When copper bites – by Kip Keen (Mineweb.com – August 19, 2015)


When does push become shove as prices of the commodity continue to fall.

HALIFAX – The spot price of copper continues to fall, dropping below $2.30/lb Tuesday and approaching levels that clearly puts pressure on smaller, higher cost and debt-laden producers. But the ongoing rout also raises red flags for larger producers who will feel the pinch on profits, if not mining operations, if the price falls much further.

To be sure, as the copper price stands, the majors and intermediates do not face an existential threat to their balance sheets, or to most operations, as many still produce with basic cash costs a fair bit lower than $2/lb. Glencore, an important copper producer, reported 2014 cash costs at $1.46/lb.

Freeport McMoRan Copper & Gold, one of the more leveraged major copper producers, last reported cash costs of $1.85/lb, for example.
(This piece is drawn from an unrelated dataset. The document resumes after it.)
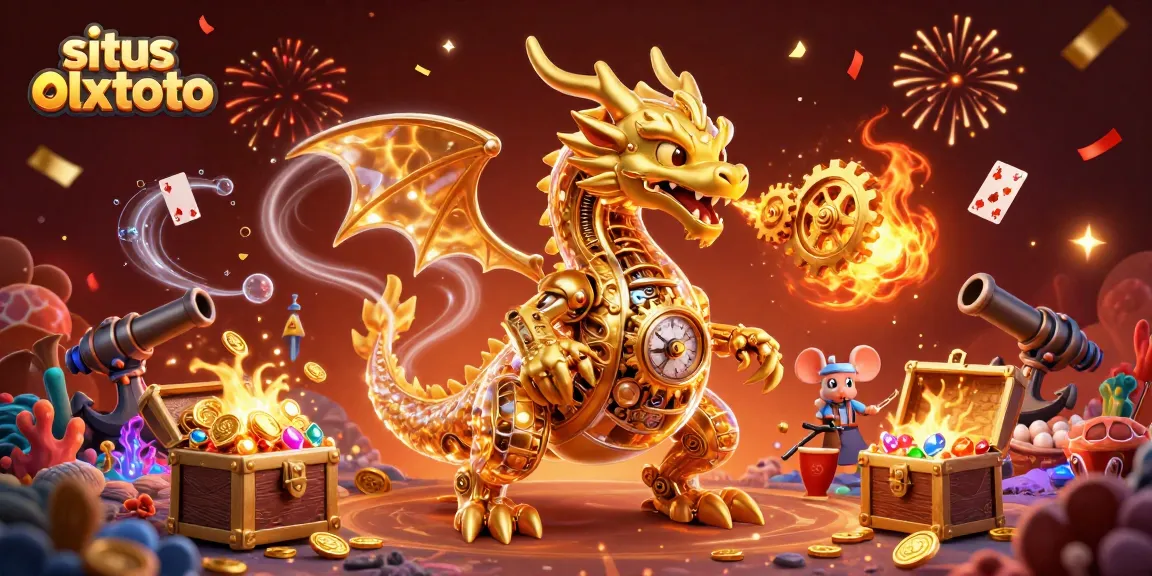 Situs olxtoto menampilkan ilustrasi kasino kaya detail dengan naga dan harta karun.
And like other miners with operations outside the U.S., they benefit from the strengthening of the dollar, weakening ex-U.S. currencies and, as the case may be, cheaper energy prices.

But there is no escaping the fact dramatically falling prices tarnish copper as a profit center. And even if it isn’t a bad money loser for the majors and intermediates it will put pressure on balance sheets. Indeed, producers such as Teck have already made dividend cuts, in its case by as much as two-thirds. And barring an improvement in other bulk and base metal prices, it seems likely that more such dividend cuts will come, or at least be seriously considered, as profits continue to wane at lower copper prices.

Low copper prices – where they are now and lower – alongside stagnant bulks ratchets up the pressure on others, including BHP and Rio Tinto to cut payouts. So far they remain adamant about maintaining or increasing payouts, despite withering free cash flow.

And if $2.30/lb copper is yet to become an excruciating pressure point for the major copper miners it does inch closer to levels that would raise red flags. BMO analyst Jessica Fung notes in an email that the current situation isn’t dire but suggests much lower prices could pose problems, especially for miners with higher debt burdens.